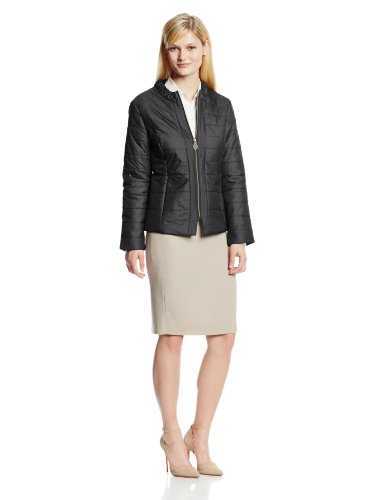 T Tahari Women's Lightweight Quilted Jacket w/Feminine Ruching at Neck Black XL - Picture 2 of 11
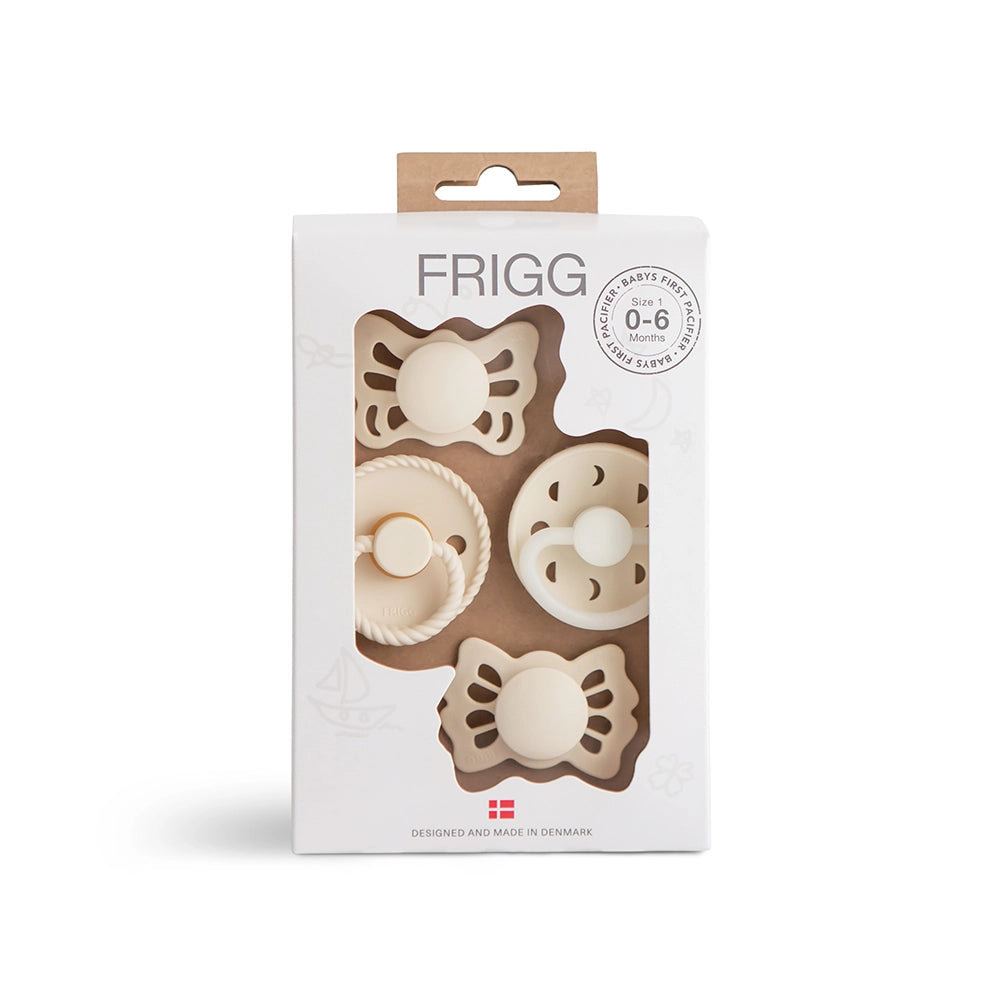 FRIGG Baby's First Pacifier - 4-Pack - Moonlight Sailing - Cream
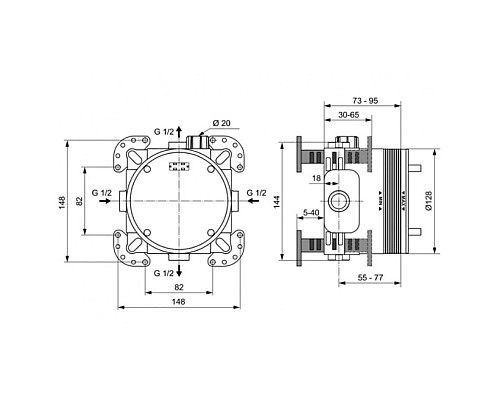 Купить Душевой комплект 303 мм Ideal Standard Ceratherm T100 A7573AA в магазине сантехники Santeh-Crystal.ru
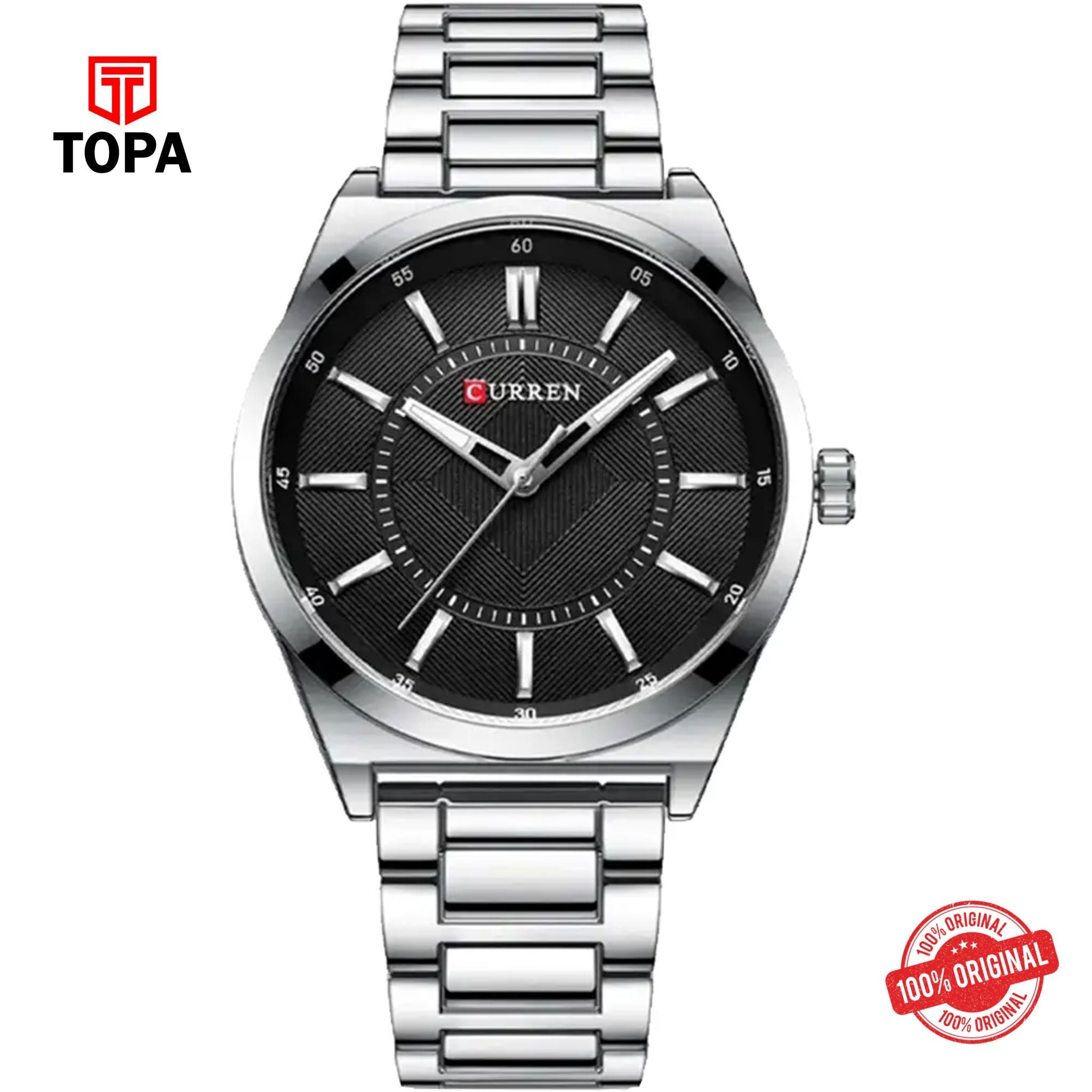 Topa Curren-8407-CH-BLK-Metal-Band-Men-Watch - Product Image 1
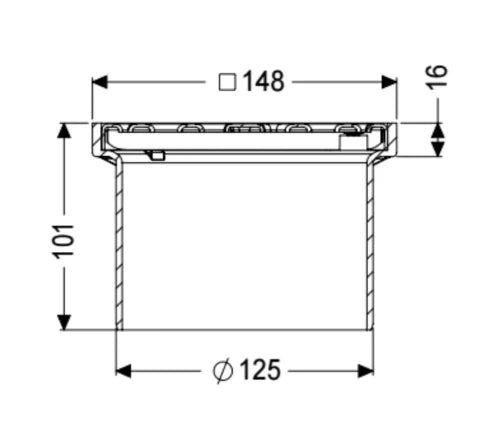 REHAUSSE 150 - 150 MM o 125 MM gris abs Réhausse - grille inox classe K3 vissé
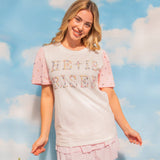 Pearl "He is Risen" on White Princess Top: White / M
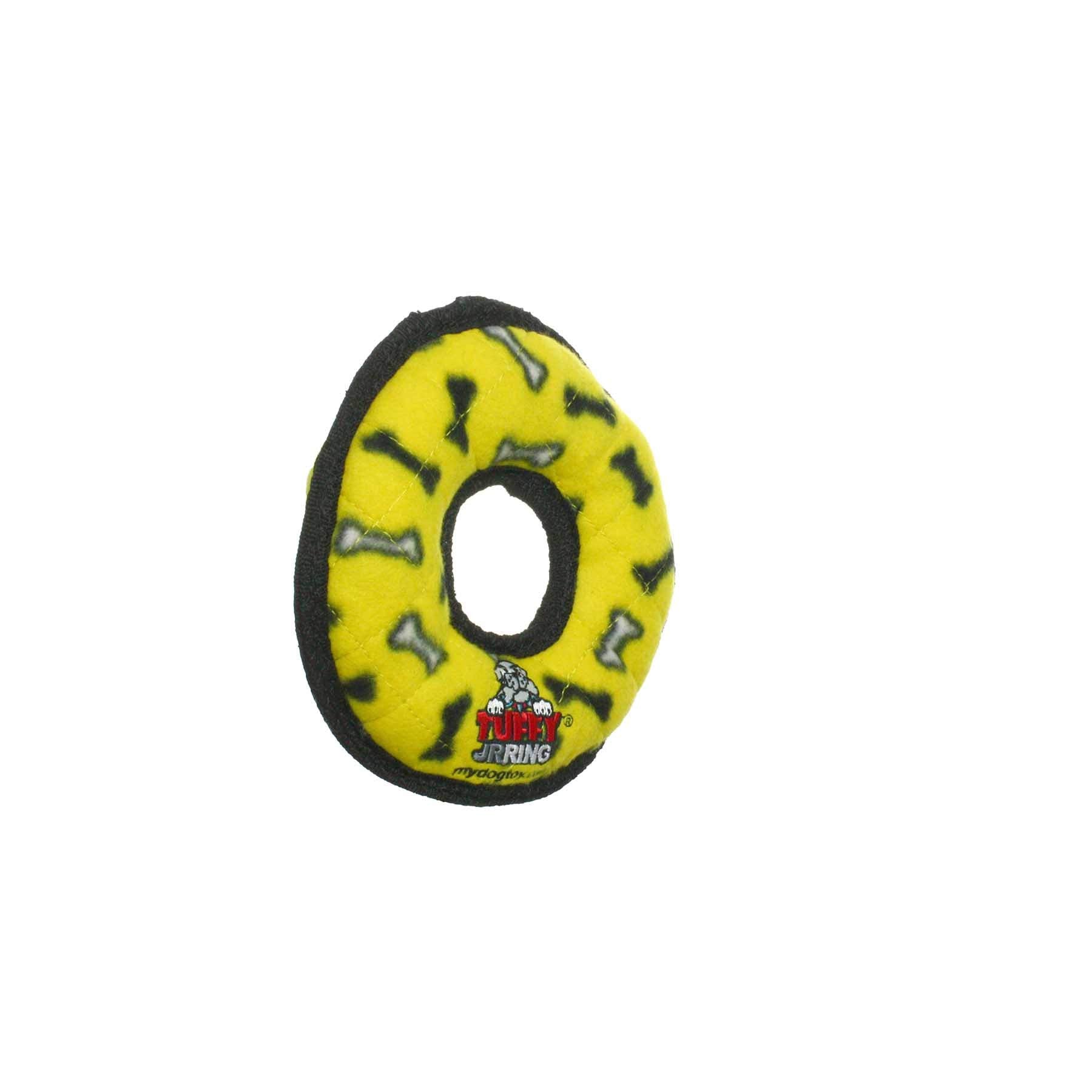 Tuffy's Junior Ring Bone-Patterned Float and Squeak Nylon and Plush Fetch Dog Toy - Yellow - Small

----

The problem: Would you restate the listing word for word and leave every picture out?

Solution to the problem:
 T Tahari Women's Lightweight Quilted Jacket w/Feminine Ruching at Neck Black XL - Picture 2 of 11
 FRIGG Baby's First Pacifier - 4-Pack - Moonlight Sailing - Cream
 Купить Душевой комплект 303 мм Ideal Standard Ceratherm T100 A7573AA в магазине сантехники Santeh-Crystal.ru
 Topa Curren-8407-CH-BLK-Metal-Band-Men-Watch - Product Image 1
 REHAUSSE 150 - 150 MM o 125 MM gris abs Réhausse - grille inox classe K3 vissé
 Pearl "He is Risen" on White Princess Top: White / M
 Tuffy's Junior Ring Bone-Patterned Float and Squeak Nylon and Plush Fetch Dog Toy - Yellow - Small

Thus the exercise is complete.